▶ _TASK INSTRUCTIONS_: All entries below are to be reproduced precisely as they stand, without the pictures.

►

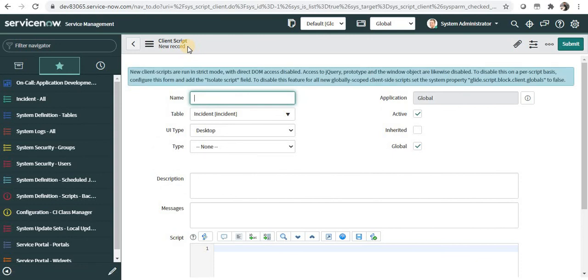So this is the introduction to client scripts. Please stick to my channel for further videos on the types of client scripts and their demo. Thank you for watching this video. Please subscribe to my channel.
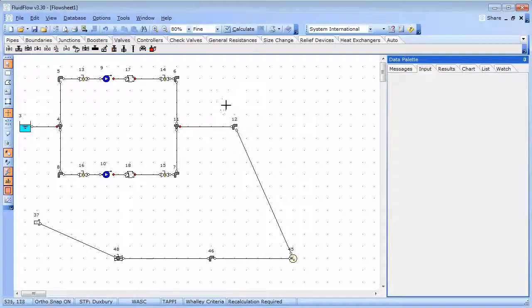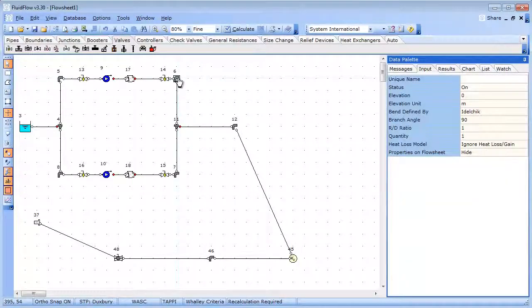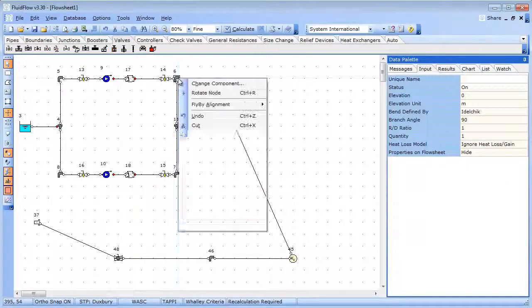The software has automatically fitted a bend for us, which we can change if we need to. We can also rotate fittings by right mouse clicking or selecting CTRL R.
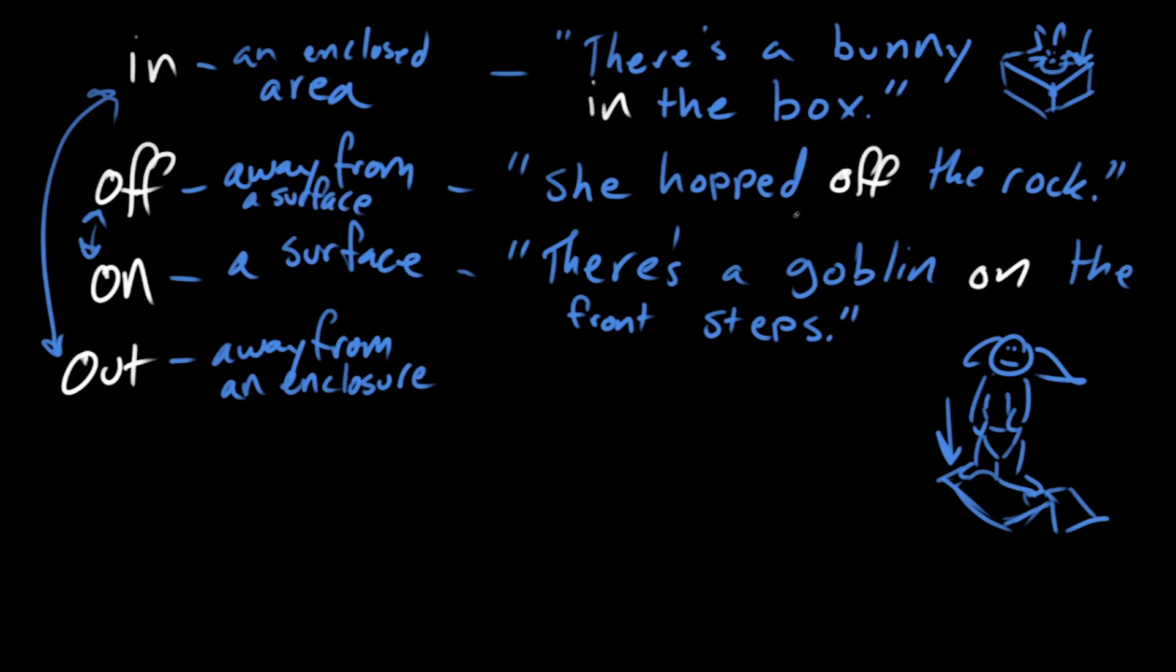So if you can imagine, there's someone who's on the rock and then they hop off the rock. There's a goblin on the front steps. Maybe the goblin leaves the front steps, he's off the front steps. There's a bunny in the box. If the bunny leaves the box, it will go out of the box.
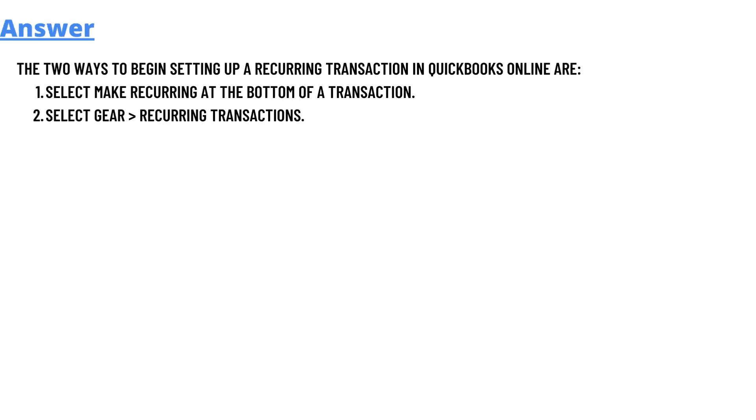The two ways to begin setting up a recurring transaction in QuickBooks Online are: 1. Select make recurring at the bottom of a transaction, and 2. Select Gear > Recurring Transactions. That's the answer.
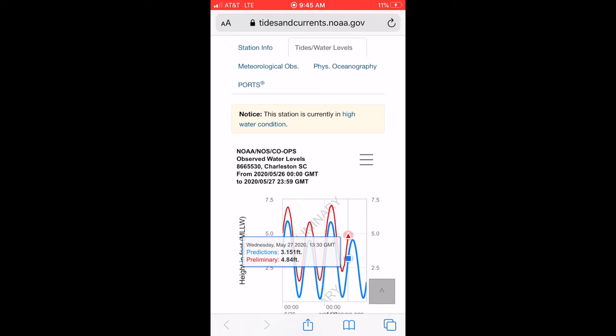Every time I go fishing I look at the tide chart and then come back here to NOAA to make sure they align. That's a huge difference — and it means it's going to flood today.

◄

▶ _FINISHED TASK_:
So this is the introduction to client scripts. Please stick to my channel for further videos on the types of client scripts and their demo. Thank you for watching this video. Please subscribe to my channel.
The software has automatically fitted a bend for us, which we can change if we need to. We can also rotate fittings by right mouse clicking or selecting CTRL R.
So if you can imagine, there's someone who's on the rock and then they hop off the rock. There's a goblin on the front steps. Maybe the goblin leaves the front steps, he's off the front steps. There's a bunny in the box. If the bunny leaves the box, it will go out of the box.
The two ways to begin setting up a recurring transaction in QuickBooks Online are: 1. Select make recurring at the bottom of a transaction, and 2. Select Gear > Recurring Transactions. That's the answer.
Every time I go fishing I look at the tide chart and then come back here to NOAA to make sure they align. That's a huge difference — and it means it's going to flood today.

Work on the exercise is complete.